Puede así concluirse que la igualdad es imposible, pero un exceso de desigualdad es indeseable. Aproximadamente, tal es el consenso que rige en las sociedades occidentales: el resto es la inagotable, acalorada y a veces inextricable discusión de los detalles correspondientes. ¿Qué grado de desigualdad, exactamente, es tolerable? ¿Qué medios han de emplearse para limitarla, sin por ello impedir que los individuos puedan obtener fruto suficiente del ejercicio de su libertad? Para realizar esos fines, ¿son mejores los medios públicos o los privados? ¿Qué estructura de incentivos es la más adecuada? Por otro lado, ¿cómo medimos la igualdad? ¿En términos de renta disponible, de oportunidades, de capacidades?

Tal es el debate contemporáneo, que no versa ya, extremos aparte, sobre la prevalencia del Estado sobre el Mercado o viceversa, sino sobre la mejor combinación posible de ambos. Si hay alguna novedad significativa en ese debate, que Piketty pone de manifiesto, mientras Acemoglu y Robinson, en su paper, dejan a un lado, es el impacto de la globalización y de las tecnologías digitales que la intensifican.

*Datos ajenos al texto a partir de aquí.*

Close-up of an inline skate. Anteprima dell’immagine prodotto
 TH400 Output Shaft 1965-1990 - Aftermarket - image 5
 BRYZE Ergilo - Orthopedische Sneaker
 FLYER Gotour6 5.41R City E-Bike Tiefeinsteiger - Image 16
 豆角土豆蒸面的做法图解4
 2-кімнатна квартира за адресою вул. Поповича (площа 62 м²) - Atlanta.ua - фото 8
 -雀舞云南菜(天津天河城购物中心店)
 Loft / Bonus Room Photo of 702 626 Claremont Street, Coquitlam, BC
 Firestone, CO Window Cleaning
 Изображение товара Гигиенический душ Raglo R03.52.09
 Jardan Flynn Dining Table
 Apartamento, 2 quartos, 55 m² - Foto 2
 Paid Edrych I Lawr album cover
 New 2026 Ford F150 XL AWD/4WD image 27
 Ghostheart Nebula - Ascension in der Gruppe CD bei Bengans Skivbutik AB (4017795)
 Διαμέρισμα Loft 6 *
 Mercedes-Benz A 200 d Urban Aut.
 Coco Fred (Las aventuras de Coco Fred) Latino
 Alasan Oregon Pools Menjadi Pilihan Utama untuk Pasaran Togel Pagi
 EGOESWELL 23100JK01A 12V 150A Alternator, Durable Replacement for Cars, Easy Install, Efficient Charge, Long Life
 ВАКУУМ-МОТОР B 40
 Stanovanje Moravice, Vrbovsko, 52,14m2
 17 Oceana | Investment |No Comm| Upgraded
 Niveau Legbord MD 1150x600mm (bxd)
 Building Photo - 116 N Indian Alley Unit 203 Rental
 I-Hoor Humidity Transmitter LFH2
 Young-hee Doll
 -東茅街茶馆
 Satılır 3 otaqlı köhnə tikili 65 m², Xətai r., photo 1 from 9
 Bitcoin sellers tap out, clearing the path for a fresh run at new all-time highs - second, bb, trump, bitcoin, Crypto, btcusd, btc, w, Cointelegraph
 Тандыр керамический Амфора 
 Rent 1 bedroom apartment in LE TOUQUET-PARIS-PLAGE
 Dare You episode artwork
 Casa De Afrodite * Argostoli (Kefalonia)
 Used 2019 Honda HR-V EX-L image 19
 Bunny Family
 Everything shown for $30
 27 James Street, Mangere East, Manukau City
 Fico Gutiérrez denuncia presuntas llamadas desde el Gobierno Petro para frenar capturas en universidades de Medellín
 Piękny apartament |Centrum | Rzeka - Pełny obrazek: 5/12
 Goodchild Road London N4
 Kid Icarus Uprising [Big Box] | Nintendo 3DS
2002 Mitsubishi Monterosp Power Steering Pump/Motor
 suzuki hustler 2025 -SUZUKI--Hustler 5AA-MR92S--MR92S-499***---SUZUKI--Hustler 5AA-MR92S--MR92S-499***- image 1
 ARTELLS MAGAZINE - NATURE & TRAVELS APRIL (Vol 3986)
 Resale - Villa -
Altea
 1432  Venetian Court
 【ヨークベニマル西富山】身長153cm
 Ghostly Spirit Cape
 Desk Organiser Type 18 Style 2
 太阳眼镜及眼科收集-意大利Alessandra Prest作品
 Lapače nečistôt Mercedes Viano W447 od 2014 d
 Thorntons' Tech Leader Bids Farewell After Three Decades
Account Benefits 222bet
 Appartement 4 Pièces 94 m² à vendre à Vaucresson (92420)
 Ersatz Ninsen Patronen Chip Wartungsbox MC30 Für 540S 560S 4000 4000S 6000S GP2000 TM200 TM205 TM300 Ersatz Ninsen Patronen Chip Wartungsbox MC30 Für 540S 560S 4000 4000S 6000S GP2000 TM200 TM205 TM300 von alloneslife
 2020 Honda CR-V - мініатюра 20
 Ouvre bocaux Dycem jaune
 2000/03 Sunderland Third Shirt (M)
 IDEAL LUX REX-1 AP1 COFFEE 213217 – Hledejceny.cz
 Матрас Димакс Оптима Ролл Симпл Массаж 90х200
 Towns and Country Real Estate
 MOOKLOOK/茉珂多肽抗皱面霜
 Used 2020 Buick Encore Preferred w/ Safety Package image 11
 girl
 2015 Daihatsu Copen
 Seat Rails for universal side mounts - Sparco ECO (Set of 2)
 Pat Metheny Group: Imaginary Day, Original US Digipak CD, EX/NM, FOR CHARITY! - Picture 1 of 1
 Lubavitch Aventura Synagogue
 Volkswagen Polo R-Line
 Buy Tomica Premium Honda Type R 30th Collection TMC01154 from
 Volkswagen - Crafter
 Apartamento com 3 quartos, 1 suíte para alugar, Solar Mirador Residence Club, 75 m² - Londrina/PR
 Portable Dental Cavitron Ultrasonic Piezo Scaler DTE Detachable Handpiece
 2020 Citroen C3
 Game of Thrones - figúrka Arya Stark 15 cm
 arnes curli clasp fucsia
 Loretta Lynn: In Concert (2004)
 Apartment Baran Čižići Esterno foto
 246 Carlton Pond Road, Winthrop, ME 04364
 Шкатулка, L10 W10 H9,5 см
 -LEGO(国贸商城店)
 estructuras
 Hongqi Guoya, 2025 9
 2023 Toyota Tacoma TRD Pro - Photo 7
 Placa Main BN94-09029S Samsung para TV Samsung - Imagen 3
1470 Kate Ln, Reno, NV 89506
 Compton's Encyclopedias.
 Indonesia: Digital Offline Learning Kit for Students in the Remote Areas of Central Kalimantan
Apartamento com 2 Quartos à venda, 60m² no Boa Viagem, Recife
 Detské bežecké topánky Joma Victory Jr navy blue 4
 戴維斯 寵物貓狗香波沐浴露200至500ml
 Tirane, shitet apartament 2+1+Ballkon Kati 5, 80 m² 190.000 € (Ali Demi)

Rawls pensaba en términos nacionales, pero las naciones no son ya lo que eran cuando el pensador norteamericano concebía su obra, allá por la década de los sesenta del pasado siglo.

Sea como fuere, no era mi propósito adentrarme en ese jardín selvático, sino echar un vistazo al cobertizo de las herramientas que sirven para rastrillarlo, simplificando conscientemente el debate sobre la igualdad y su presunto antónimo: la desigualdad.